**WHAT TO PRODUCE:** Leave out the pictures, and retype only the lines from the beginning of the material through the line that contains "Option B: Update", including both.

**MATERIAL PROVIDED:**
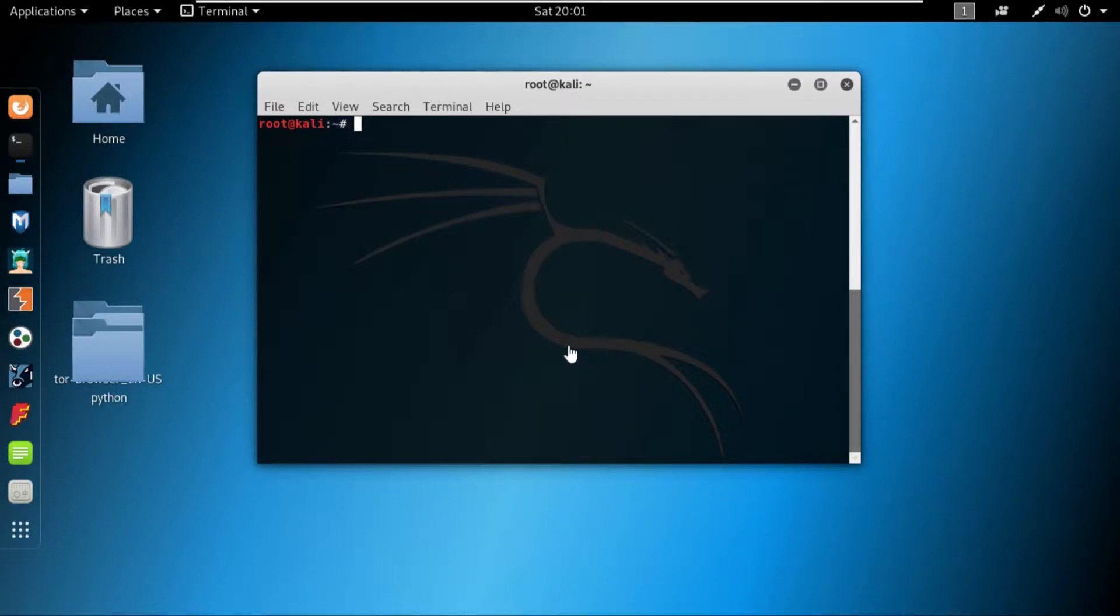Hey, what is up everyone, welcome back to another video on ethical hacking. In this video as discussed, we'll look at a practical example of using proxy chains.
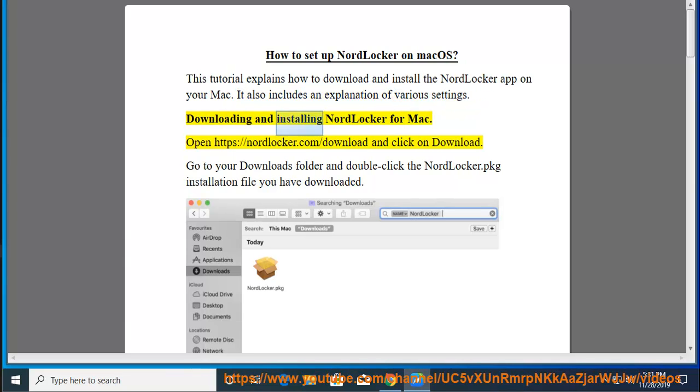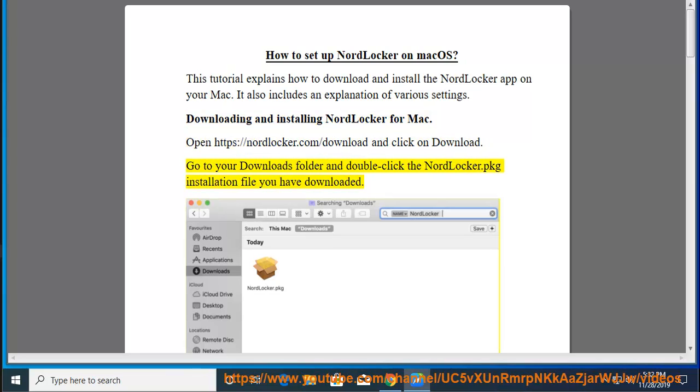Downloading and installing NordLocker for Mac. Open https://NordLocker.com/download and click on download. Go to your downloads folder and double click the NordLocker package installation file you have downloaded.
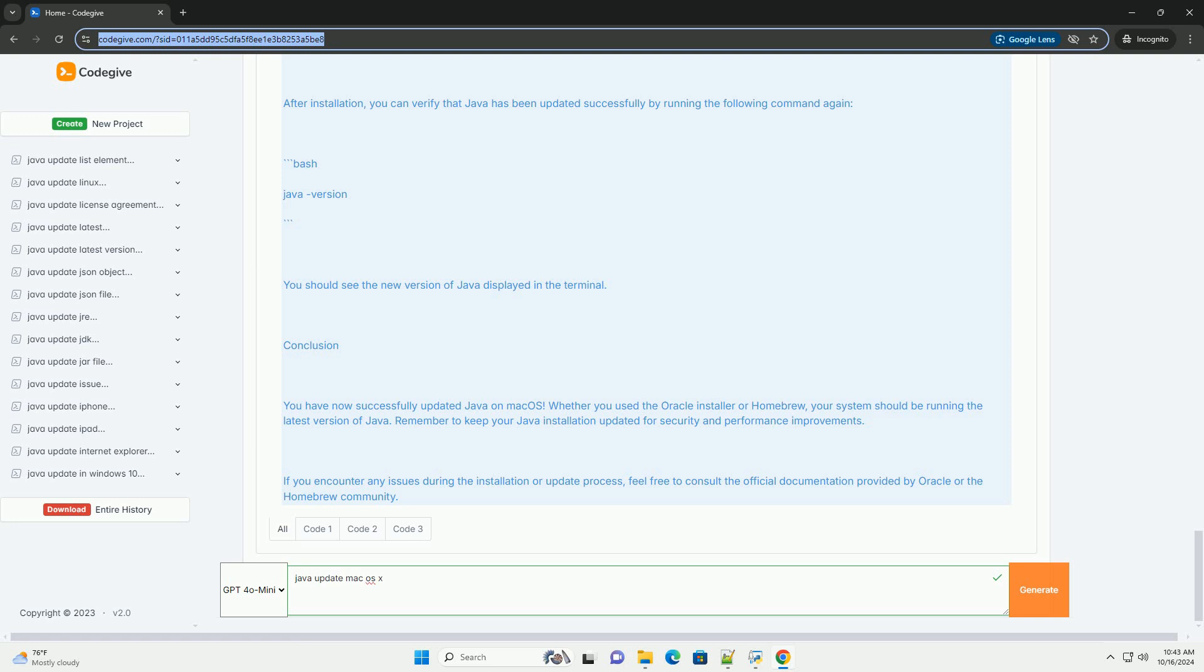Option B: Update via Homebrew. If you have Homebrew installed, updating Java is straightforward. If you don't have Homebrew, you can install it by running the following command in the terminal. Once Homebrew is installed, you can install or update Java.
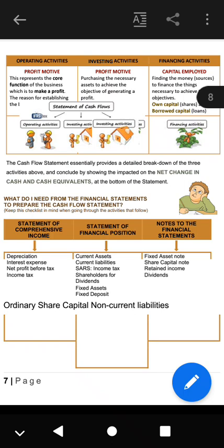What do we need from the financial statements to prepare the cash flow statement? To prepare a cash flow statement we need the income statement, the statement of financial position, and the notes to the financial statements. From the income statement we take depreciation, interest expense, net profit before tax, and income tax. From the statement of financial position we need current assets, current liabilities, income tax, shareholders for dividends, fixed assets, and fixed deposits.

**EXERCISE OUTPUT:**
Hey, what is up everyone, welcome back to another video on ethical hacking. In this video as discussed, we'll look at a practical example of using proxy chains.
Downloading and installing NordLocker for Mac. Open https://NordLocker.com/download and click on download. Go to your downloads folder and double click the NordLocker package installation file you have downloaded.
Option B: Update via Homebrew. If you have Homebrew installed, updating Java is straightforward. If you don't have Homebrew, you can install it by running the following command in the terminal. Once Homebrew is installed, you can install or update Java.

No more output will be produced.